---- DATA TO EXAMINE

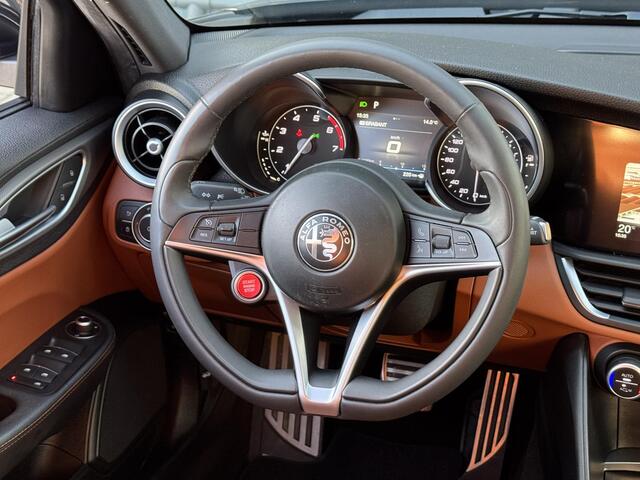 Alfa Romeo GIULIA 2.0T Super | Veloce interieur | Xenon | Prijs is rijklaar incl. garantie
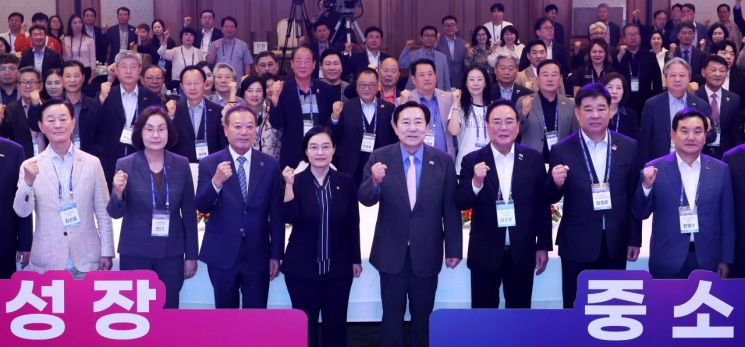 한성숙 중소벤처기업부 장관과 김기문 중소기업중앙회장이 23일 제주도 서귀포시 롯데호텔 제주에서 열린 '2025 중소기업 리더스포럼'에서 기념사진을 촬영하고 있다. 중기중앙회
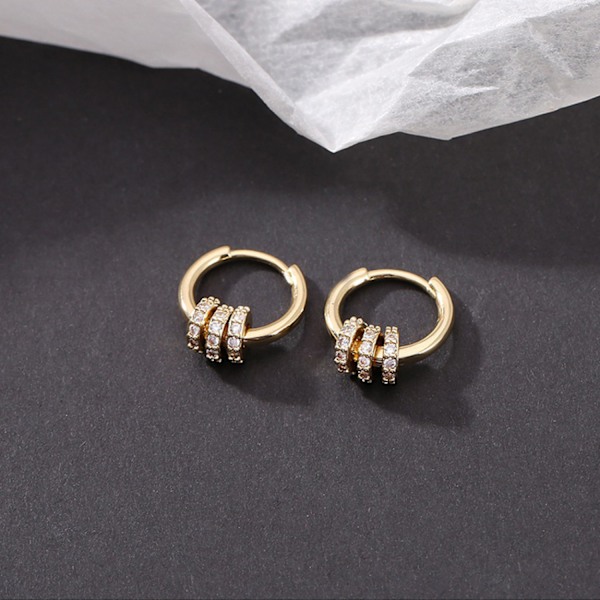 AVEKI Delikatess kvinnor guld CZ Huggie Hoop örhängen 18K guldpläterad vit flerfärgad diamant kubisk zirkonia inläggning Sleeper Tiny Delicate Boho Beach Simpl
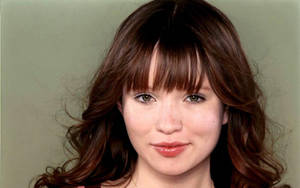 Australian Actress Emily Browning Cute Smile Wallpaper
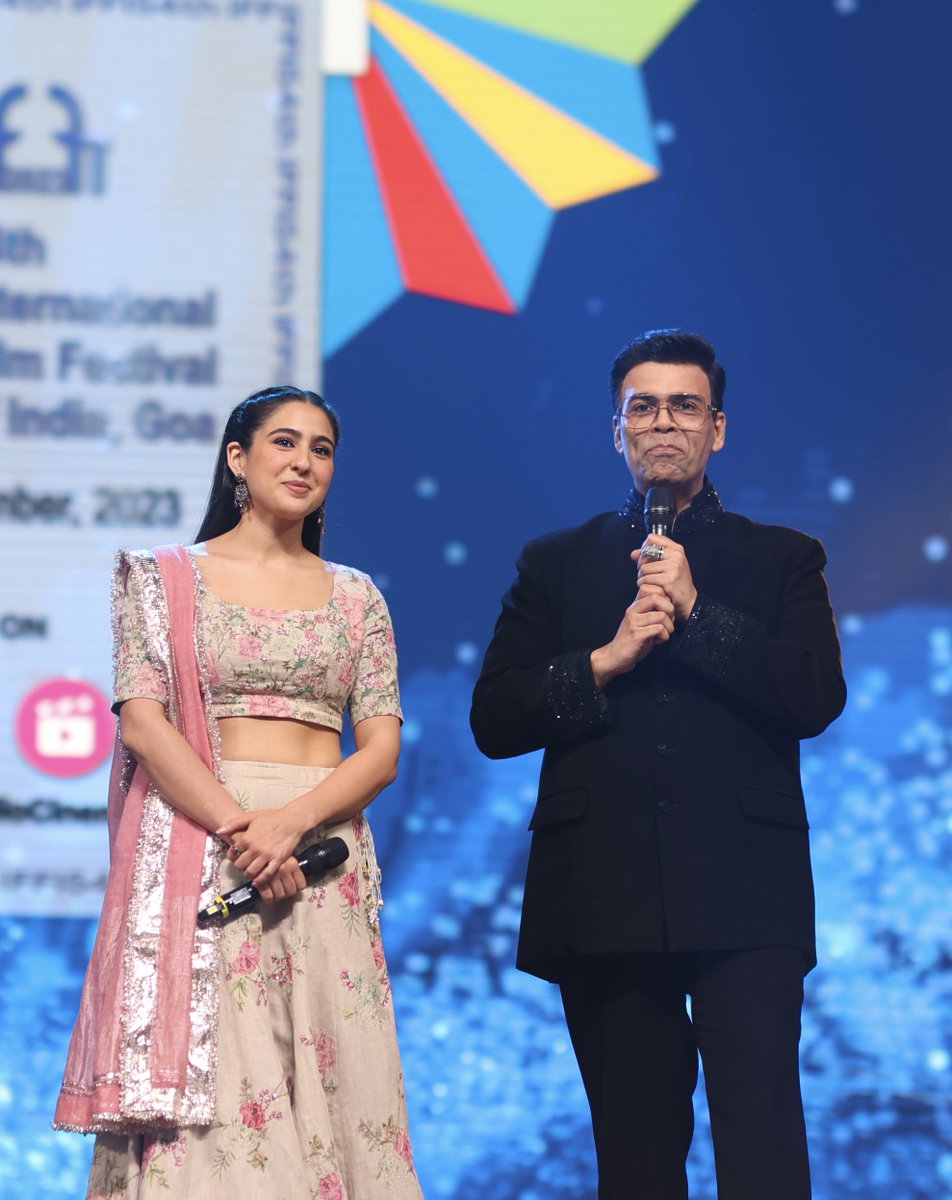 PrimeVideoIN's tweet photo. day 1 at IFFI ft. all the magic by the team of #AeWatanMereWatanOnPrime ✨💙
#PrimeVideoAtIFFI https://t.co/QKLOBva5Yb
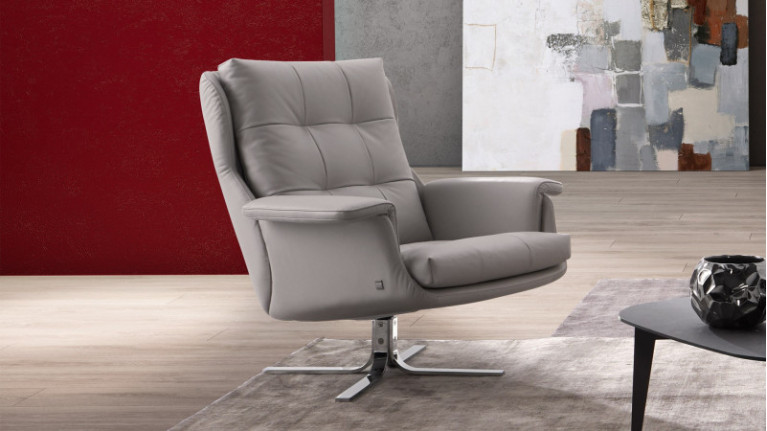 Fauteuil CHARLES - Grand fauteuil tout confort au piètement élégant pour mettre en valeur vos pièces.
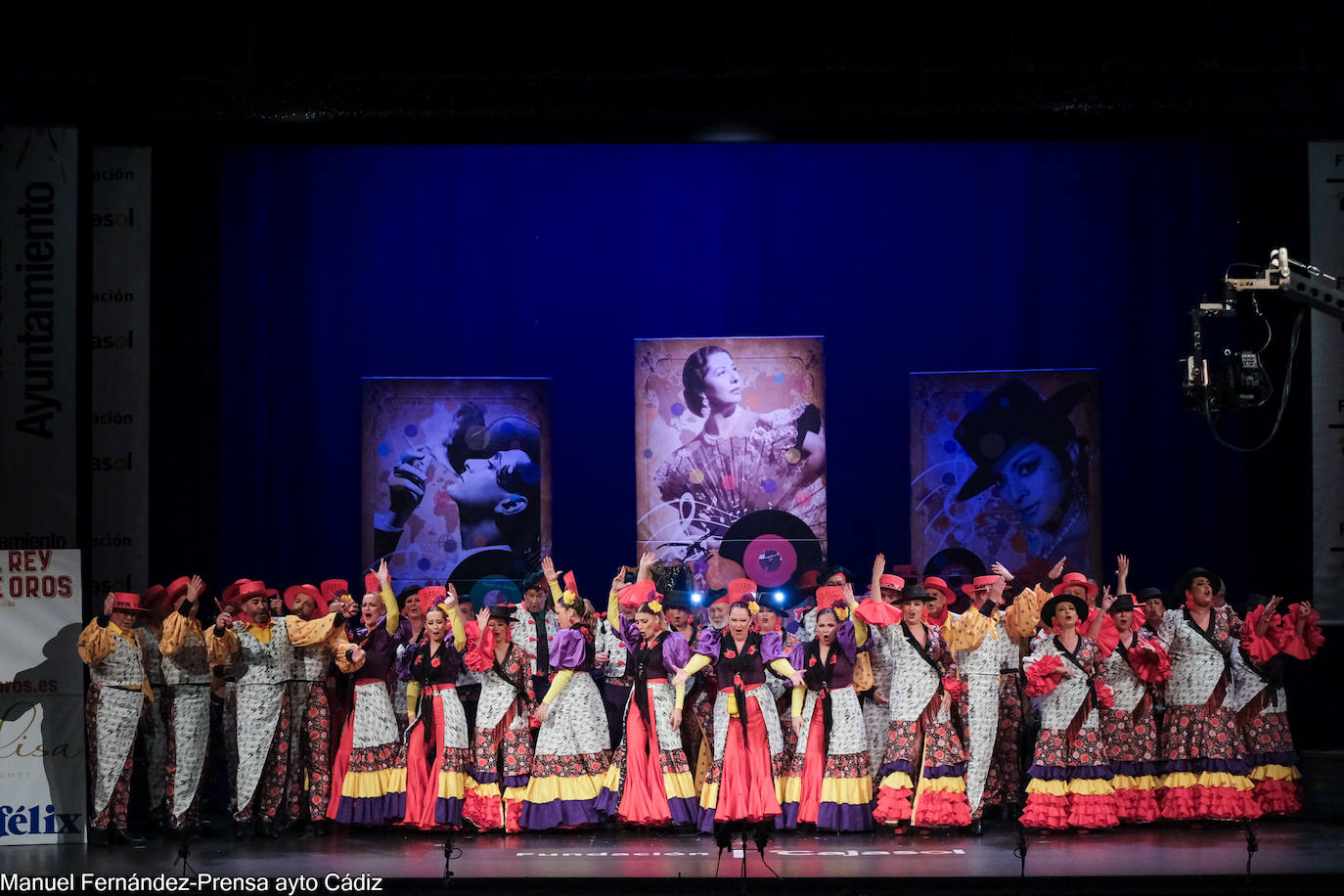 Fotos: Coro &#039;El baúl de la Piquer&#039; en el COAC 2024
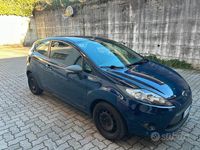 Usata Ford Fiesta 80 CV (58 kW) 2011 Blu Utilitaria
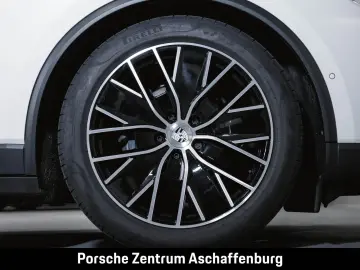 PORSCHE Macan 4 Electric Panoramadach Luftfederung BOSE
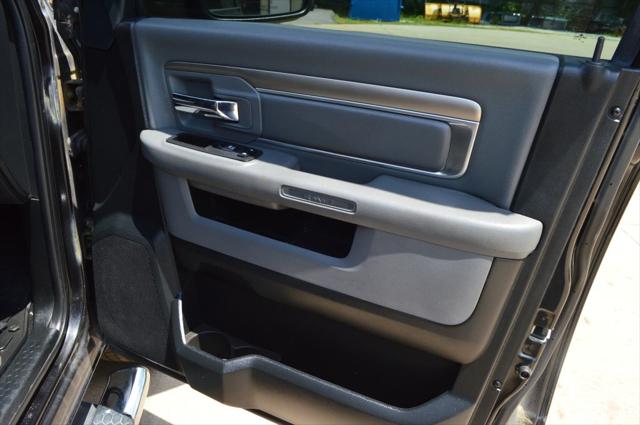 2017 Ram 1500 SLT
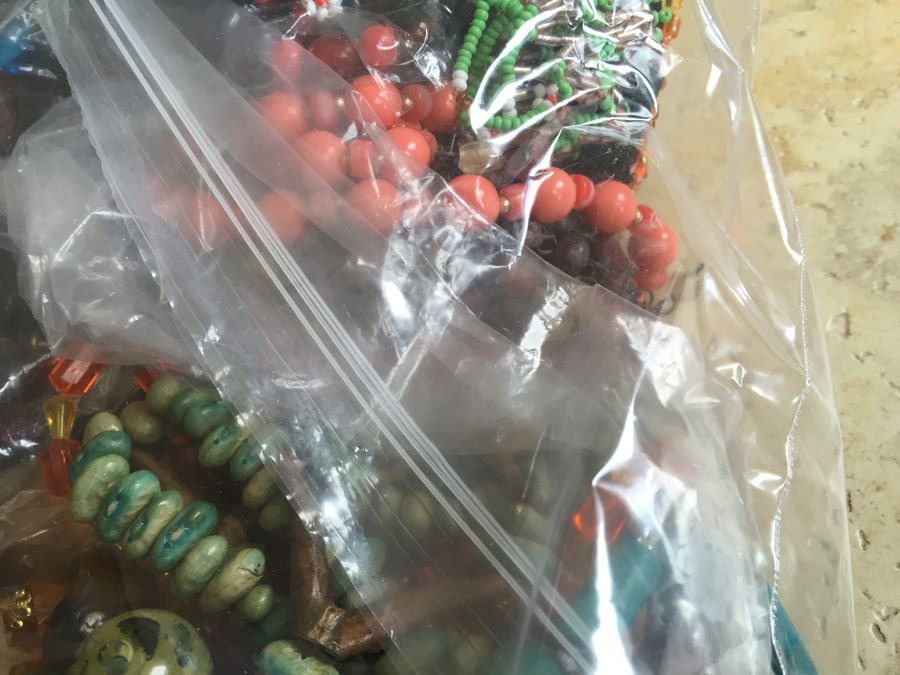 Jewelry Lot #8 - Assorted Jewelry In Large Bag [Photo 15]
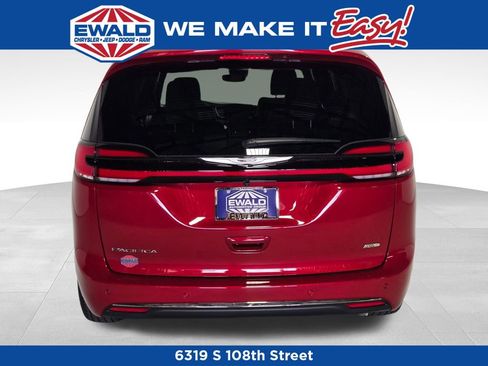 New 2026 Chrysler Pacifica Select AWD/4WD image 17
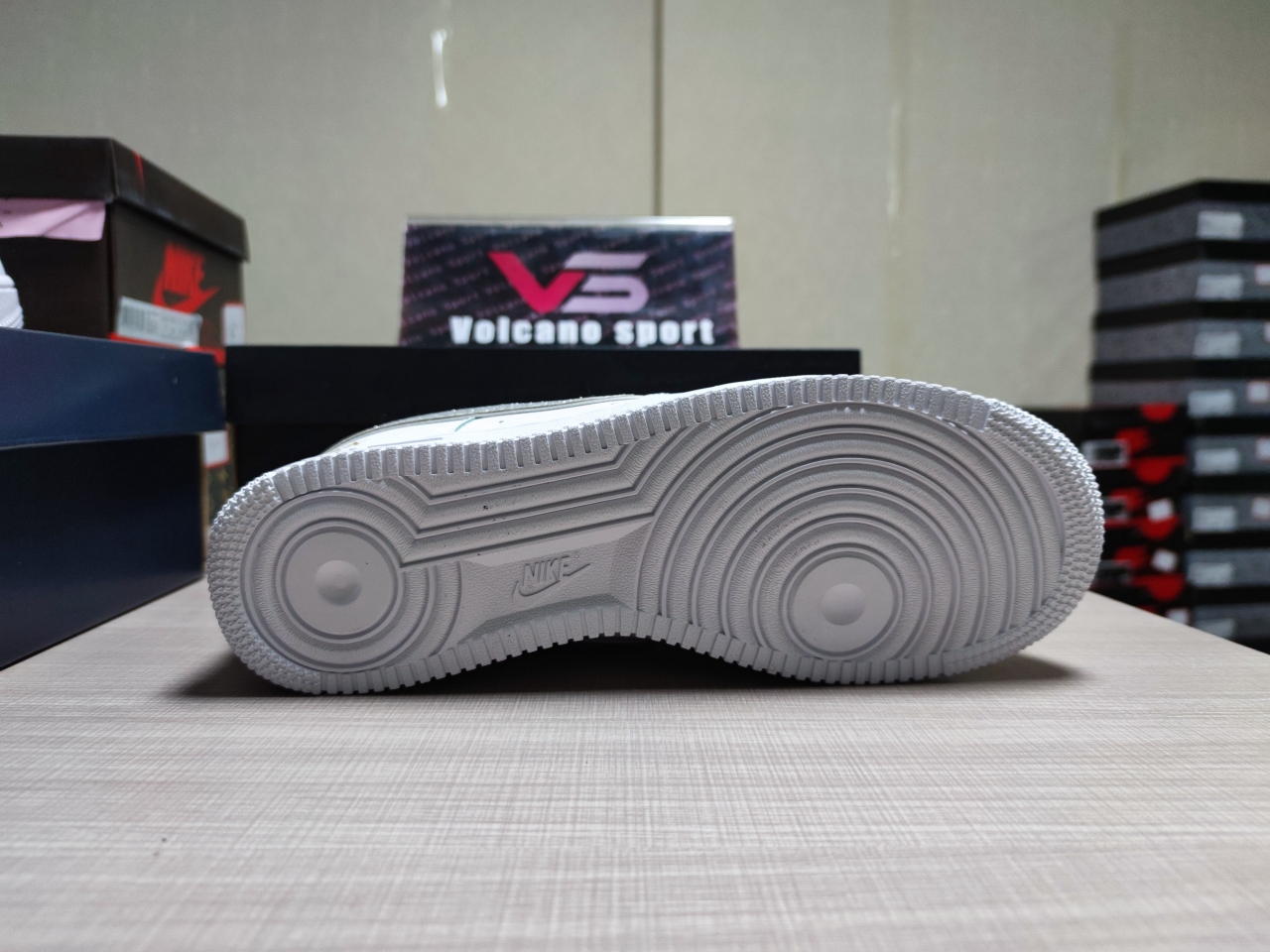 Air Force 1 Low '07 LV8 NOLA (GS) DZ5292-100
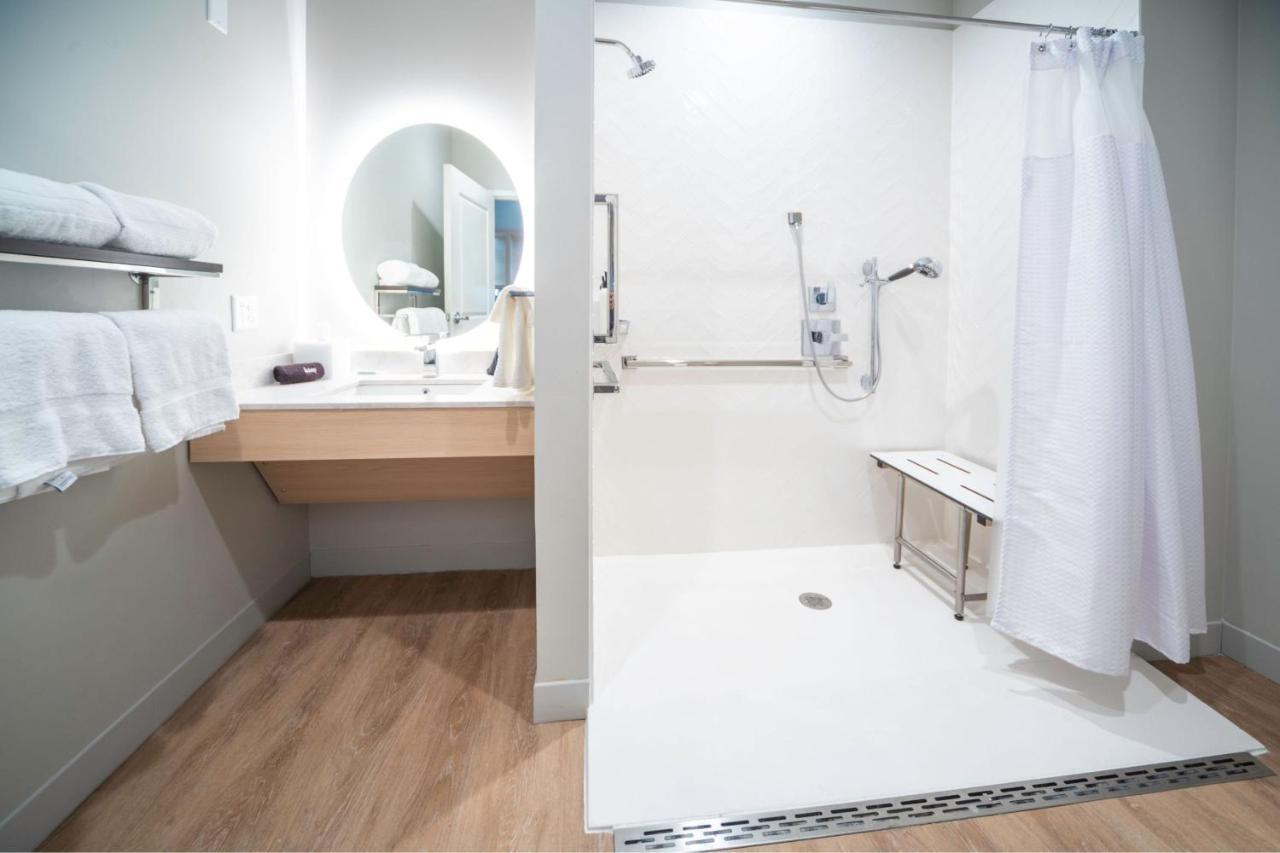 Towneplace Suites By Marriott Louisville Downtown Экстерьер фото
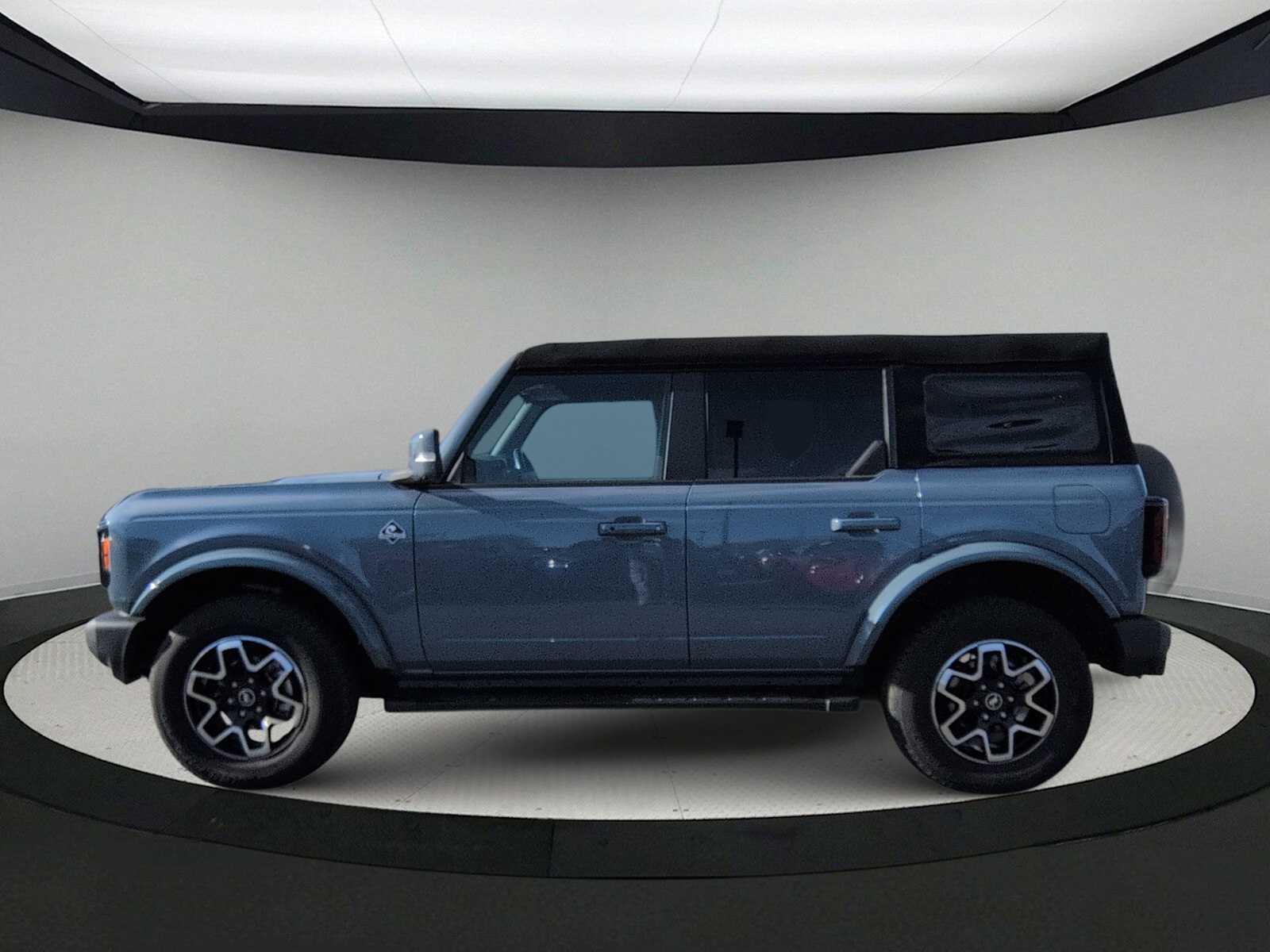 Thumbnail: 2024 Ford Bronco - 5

--------

Every entry above needs to be duplicated exactly, without its images.

 Alfa Romeo GIULIA 2.0T Super | Veloce interieur | Xenon | Prijs is rijklaar incl. garantie
 한성숙 중소벤처기업부 장관과 김기문 중소기업중앙회장이 23일 제주도 서귀포시 롯데호텔 제주에서 열린 '2025 중소기업 리더스포럼'에서 기념사진을 촬영하고 있다. 중기중앙회
 AVEKI Delikatess kvinnor guld CZ Huggie Hoop örhängen 18K guldpläterad vit flerfärgad diamant kubisk zirkonia inläggning Sleeper Tiny Delicate Boho Beach Simpl
 Australian Actress Emily Browning Cute Smile Wallpaper
 PrimeVideoIN's tweet photo. day 1 at IFFI ft. all the magic by the team of #AeWatanMereWatanOnPrime ✨💙
#PrimeVideoAtIFFI https://t.co/QKLOBva5Yb
 Fauteuil CHARLES - Grand fauteuil tout confort au piètement élégant pour mettre en valeur vos pièces.
 Fotos: Coro &#039;El baúl de la Piquer&#039; en el COAC 2024
 Usata Ford Fiesta 80 CV (58 kW) 2011 Blu Utilitaria
 PORSCHE Macan 4 Electric Panoramadach Luftfederung BOSE
 2017 Ram 1500 SLT
 Jewelry Lot #8 - Assorted Jewelry In Large Bag [Photo 15]
 New 2026 Chrysler Pacifica Select AWD/4WD image 17
 Air Force 1 Low '07 LV8 NOLA (GS) DZ5292-100
 Towneplace Suites By Marriott Louisville Downtown Экстерьер фото
 Thumbnail: 2024 Ford Bronco - 5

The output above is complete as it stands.